Touring Agony

Thor Sørarse, the Norwegian Biking Agony Uncle, solves the problems you never knew you had

Fouled pants? I think not…

Dear Thor –
I’m going on my first continental trip next week, and am concerned about my leathers and helmet – they cost a lot and I like to keep them clean. I understand the foreign insects are bigger and messier than our UK ones, and was wondering if you had any tips to help me avoid them?

Fashion Victim, Farnborough

Dear Fashion Victim -
The best solution is to cover all forward facing surfaces with duct tape. Just be sure to carry a supply of meths to shift the messy bits of glue that always remain when you peel off the tape at your destination. It’s especially important to remove any glue remaining on your visor.

It’s all in the timing!

Dear Thor -
My new BMW R1100 RT ran like a dog as soon as I adjusted the clock to French time, and I had a terrible tour. When I adjusted it back on the ferry home, it ran fine.

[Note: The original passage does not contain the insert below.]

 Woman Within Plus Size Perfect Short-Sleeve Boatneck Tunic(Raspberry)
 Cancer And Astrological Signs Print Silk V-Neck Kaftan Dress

Any ideas as to what could have caused this?

Puzzled, Pimlico

Dear Puzzled -
This is a common problem with the earlier versions of the BMW engine management system. What’s happened is that the sensors detected the clock going forward and advanced the valve and ignition timing by the same amount. Provided it’s an official import, BMW will fix it under warranty. If it’s a grey or parallel you’re on your own, and unfortunately you have to get it fixed in the right time zone – so if it is a grey or parallel this means in the country it was originally meant for.

Shed pounds!

Dear Thor –
I love camping, but my wife will only tour with me if she has all the home comforts – and this includes the portable shower, teas-made, comfortable bed etc. Obviously, carrying all this is impossible, so I’ve invested in a trailer. But I’m worried that my NVT 500 won’t be able to pull it when it’s fully loaded – any suggestions?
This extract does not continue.